Ну, еще допускаю, что дон Хосе числился в розыске как дезертир, подозреваемый к тому же в нападении на своего начальника. Это если у органов Севильи и Кордовы в 1830 году имелась общая база данных.

И всего этого вам хватило, чтобы с легким сердцем (не правда ли?) послать дона Хосе на эшафот не за одно лишь убийство из, предположим, ревности (тоже, думали вы, нашелся герой романса!) – но по совокупности преступлений, в том числе – убийств, и в том числе – низких (это до чего же надо докатиться – укокошить мирного иностранного ученого ради золотой безделушки).

Ведь это от вас – от кого же еще – тот доминиканец узнал формулу, так сказать, обвинительного заключения:

«– Добро бы он еще только воровал. Но он совершил несколько убийств, одно другого ужаснее».

Однако вы составили (понятно, в уме) это заключение и огласили соответствующий приговор, руководствуясь исключительно классовым чутьем и реакционным правосознанием.
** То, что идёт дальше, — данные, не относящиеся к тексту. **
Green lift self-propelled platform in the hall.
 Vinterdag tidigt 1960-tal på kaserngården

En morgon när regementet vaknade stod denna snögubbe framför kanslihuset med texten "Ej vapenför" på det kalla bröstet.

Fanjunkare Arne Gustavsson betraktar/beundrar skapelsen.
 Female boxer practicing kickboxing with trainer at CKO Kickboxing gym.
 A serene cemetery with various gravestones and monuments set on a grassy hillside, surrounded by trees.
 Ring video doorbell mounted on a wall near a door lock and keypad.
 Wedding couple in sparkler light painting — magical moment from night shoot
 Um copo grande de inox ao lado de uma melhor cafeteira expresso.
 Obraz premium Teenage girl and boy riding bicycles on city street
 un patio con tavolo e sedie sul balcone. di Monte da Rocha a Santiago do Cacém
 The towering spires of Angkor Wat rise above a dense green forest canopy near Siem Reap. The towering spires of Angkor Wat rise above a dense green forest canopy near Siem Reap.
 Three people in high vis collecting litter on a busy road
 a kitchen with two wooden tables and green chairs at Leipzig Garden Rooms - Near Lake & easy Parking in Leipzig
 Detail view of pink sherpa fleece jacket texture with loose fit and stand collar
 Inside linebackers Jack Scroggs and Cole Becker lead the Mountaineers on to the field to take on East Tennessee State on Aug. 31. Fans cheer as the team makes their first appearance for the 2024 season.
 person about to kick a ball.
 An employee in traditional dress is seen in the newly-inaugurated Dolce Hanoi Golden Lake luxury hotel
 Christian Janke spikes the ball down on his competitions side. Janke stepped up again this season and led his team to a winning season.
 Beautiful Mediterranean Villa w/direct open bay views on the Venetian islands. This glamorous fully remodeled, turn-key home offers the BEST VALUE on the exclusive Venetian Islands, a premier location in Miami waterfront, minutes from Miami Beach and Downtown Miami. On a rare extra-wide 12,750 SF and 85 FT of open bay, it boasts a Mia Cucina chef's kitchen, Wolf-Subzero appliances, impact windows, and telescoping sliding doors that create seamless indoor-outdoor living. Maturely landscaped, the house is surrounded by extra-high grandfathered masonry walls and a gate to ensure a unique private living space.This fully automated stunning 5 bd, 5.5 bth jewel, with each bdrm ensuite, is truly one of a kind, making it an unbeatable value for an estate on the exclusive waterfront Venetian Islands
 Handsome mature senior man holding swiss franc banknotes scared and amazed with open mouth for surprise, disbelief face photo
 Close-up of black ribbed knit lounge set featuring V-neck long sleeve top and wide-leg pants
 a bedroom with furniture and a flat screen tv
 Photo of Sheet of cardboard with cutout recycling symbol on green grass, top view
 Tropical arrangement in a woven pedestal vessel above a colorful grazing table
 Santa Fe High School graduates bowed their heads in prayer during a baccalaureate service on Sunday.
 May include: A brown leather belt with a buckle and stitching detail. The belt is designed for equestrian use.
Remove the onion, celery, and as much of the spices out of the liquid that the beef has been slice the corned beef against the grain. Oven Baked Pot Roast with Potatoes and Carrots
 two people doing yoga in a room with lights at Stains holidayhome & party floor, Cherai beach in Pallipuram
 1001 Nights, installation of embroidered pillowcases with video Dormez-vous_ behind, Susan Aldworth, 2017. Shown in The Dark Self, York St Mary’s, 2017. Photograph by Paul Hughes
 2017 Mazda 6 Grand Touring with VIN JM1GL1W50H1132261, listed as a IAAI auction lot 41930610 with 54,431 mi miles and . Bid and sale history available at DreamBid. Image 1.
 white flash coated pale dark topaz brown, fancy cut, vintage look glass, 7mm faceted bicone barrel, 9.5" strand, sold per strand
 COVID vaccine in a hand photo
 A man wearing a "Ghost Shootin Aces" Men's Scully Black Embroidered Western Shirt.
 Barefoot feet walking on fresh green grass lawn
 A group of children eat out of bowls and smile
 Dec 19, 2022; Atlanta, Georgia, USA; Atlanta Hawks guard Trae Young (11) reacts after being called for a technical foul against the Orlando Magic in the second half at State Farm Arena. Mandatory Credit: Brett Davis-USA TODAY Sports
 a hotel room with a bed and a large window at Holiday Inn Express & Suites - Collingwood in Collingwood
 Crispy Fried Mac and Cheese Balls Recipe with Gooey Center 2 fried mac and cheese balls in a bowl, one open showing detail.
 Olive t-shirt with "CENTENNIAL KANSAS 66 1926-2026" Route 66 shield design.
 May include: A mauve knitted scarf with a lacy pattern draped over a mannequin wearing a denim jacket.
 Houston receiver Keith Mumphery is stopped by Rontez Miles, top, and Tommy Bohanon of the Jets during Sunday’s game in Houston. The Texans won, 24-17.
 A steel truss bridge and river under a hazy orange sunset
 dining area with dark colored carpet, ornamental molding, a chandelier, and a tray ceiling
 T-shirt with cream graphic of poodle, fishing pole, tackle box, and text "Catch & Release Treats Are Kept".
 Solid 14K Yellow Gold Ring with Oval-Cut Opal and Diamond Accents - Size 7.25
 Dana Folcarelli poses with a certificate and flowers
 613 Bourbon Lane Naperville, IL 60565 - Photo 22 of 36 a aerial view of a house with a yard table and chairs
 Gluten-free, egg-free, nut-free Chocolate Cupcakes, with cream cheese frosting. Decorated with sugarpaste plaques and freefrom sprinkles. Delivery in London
Фактически, кроме непроверенных подозрений и непроверенных сообщений, у вас не было на дона Хосе ровно ничего. Одна-единственная улика – эти самые часы с репетиром.

Как вдруг их владелец, мирный иностранный ученый, объявился в Кордове, вполне живой, ни малейших повреждений. То есть из дела выпал целый эпизод – причем практически единственный, представлявшийся доказанным. А пресловутая улика много потеряла в весе и стала несколько загадочной. И это накануне дня исполнения приговора.

Конечно, вы не стали его пересматривать из-за такого пустяка, – очень даже вас понимаю. Но помимо правосознания – простой инстинкт ищейки разве не подсказывал вам: на всякий случай – допроси этого мнимого потерпевшего, допроси, что-то с этими часиками не тик-так?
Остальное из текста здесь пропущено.